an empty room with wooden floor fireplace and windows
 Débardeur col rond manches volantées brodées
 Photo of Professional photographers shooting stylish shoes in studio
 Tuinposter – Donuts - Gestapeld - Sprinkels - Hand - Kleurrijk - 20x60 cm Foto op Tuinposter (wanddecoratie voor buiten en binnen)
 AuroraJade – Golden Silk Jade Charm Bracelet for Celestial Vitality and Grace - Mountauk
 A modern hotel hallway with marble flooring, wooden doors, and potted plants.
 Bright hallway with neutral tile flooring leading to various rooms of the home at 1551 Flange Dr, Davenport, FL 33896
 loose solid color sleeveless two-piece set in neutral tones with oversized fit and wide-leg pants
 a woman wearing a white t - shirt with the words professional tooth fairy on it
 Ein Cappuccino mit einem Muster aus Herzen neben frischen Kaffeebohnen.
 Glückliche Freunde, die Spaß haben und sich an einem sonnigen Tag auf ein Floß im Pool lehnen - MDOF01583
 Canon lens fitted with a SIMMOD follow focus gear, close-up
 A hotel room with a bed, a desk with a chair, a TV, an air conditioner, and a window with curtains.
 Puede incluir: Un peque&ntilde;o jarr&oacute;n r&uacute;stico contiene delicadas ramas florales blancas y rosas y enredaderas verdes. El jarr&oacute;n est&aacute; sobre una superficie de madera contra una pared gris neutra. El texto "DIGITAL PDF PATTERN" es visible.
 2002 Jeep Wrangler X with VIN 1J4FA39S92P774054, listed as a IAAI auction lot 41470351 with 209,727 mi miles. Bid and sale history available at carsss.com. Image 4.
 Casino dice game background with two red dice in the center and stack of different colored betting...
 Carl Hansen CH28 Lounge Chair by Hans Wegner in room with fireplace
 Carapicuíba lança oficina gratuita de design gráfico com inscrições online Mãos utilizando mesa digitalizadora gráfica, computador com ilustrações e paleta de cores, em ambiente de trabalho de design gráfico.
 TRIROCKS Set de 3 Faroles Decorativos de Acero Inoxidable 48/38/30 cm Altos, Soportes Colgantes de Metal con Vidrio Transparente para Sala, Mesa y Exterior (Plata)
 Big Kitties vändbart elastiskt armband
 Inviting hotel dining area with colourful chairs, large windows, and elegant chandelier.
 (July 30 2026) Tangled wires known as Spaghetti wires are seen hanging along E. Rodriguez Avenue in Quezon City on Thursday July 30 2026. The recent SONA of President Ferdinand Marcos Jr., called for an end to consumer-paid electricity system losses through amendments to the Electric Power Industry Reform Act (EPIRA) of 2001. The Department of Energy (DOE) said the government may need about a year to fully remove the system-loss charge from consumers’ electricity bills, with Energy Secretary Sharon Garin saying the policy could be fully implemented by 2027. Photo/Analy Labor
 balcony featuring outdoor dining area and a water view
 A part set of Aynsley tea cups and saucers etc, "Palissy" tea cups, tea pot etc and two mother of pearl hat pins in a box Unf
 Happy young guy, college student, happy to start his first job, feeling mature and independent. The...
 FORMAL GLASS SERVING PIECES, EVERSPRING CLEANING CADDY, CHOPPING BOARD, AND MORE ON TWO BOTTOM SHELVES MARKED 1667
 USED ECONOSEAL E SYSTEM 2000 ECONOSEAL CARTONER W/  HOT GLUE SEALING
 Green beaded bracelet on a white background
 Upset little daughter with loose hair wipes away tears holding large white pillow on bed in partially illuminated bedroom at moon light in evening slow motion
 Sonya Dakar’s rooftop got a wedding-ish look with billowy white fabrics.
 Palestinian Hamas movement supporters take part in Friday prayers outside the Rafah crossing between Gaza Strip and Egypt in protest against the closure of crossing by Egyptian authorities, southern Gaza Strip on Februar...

=======

◆ **ACTION ITEM**
The response should be the listing above, limited to the lines between the one holding "Big Kitties vändbart elastiskt armband" and the one holding "balcony featuring outdoor", inclusive, reproduced exactly.

◆ **TASK OUTPUT**
 Big Kitties vändbart elastiskt armband
 Inviting hotel dining area with colourful chairs, large windows, and elegant chandelier.
 (July 30 2026) Tangled wires known as Spaghetti wires are seen hanging along E. Rodriguez Avenue in Quezon City on Thursday July 30 2026. The recent SONA of President Ferdinand Marcos Jr., called for an end to consumer-paid electricity system losses through amendments to the Electric Power Industry Reform Act (EPIRA) of 2001. The Department of Energy (DOE) said the government may need about a year to fully remove the system-loss charge from consumers’ electricity bills, with Energy Secretary Sharon Garin saying the policy could be fully implemented by 2027. Photo/Analy Labor
 balcony featuring outdoor dining area and a water view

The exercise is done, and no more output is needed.